The commissioner and his minions made this move for marketing and TV purposes, certainly their right, but it is a bit puzzling why they won’t just admit it.
Perhaps it’s because it has not been a popular move so far, not only with a number of fans, but with a number of teams.
Bears general manager Phil Emery said last week that he loves it, basically an extension of his favorite time of the year.
Makes sense and he seemed truly enthused when he said it.
But I spoke to the president of another NFL team Tuesday who told me his general manager hates it and that they’re actually really upset about the two weeks of evaluation time after the draft that are clearly lost in a simple case of cause and effect.
That club would rather have the time to figure out what they got instead of extra time figuring out whom to get.
The clubs I’ve spoken to around the league are split about 50/50 as to whether they like the change or not.
I’m not sure whether most fans really care.
Preparing for an NFL Draft is classic talk radio fare and the faithful never tire of asking, guessing and predicting.
Conversely, analyzing the draft has just a three- or four-day half life before fans are content to turn their focus back to the Stanley Cup, NBA playoffs, baseball and looming mini-camps.
In that regard, perhaps Goodell is right. He has stolen attention from the other major sports during some of their prime time, to the benefit of his marketing and broadcast partners in his offseason. The guy’s no dummy, you know?
So the only ones it clearly benefits are the 32 owners and their bank accounts.
Regardless of what the fans, scouts and coaches think, don’t expect the draft to move back to April any time soon.
We’re also told the draft may be on the move geographically as well as chronologically.
Goodell has acknowledged that several cities, most notably Chicago and Los Angeles, have expressed an interest in hosting the NFL Draft and that a change could be considered as soon as next year.
This also is a bit of a puzzle to me.

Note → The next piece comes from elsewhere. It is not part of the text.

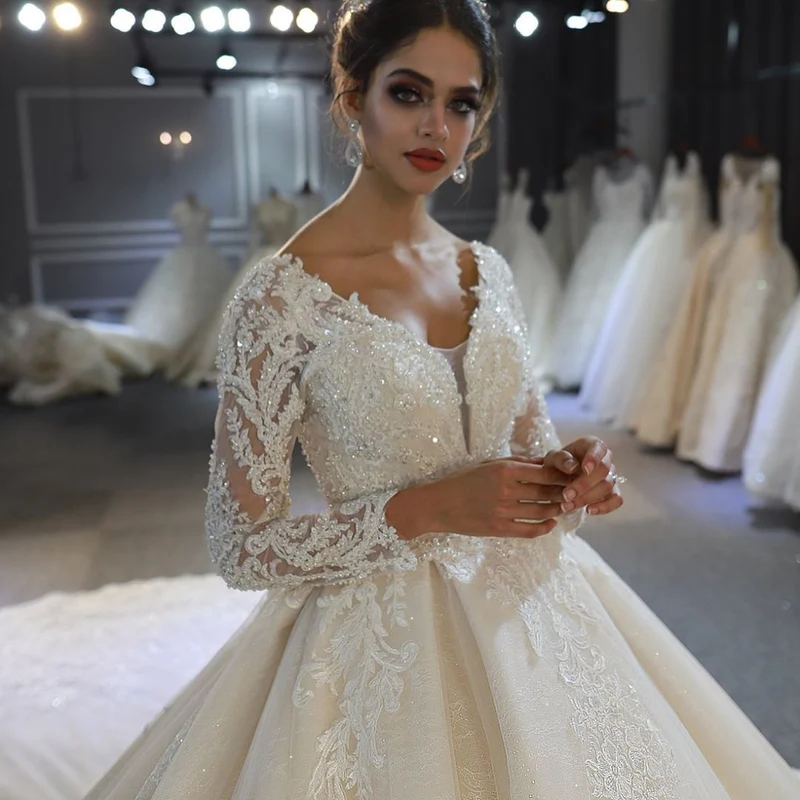 Robe de mariée élégante coupe trapèze, manches longues, appliqués en dentelle et paillettes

Why do Chicago and Los Angeles want it?
This will mark the 38th draft I’ve covered and, for the first eight to 10 years, I would go to New York.
But there is no action there. Not a single NFL decision-maker is there, so there’s really no benefit to being there. It is far more exciting and enlightening to be in the building with one of the teams drafting, where you also get everything from New York on TV.
There are maybe two or three representatives from each team, so less than 100 folks total coming to town to impact the tourist industry with maybe 100 or even a couple hundred journalists.
Perhaps all the times someone would mention on TV that they’re in Chicago or Los Angeles would have some advertising value, but, really, could that be worth it?
The truth is the NFL Draft remains one of my very favorite weekends of the year – in April or May. But the logistics and politics of the whole thing are really irrelevant.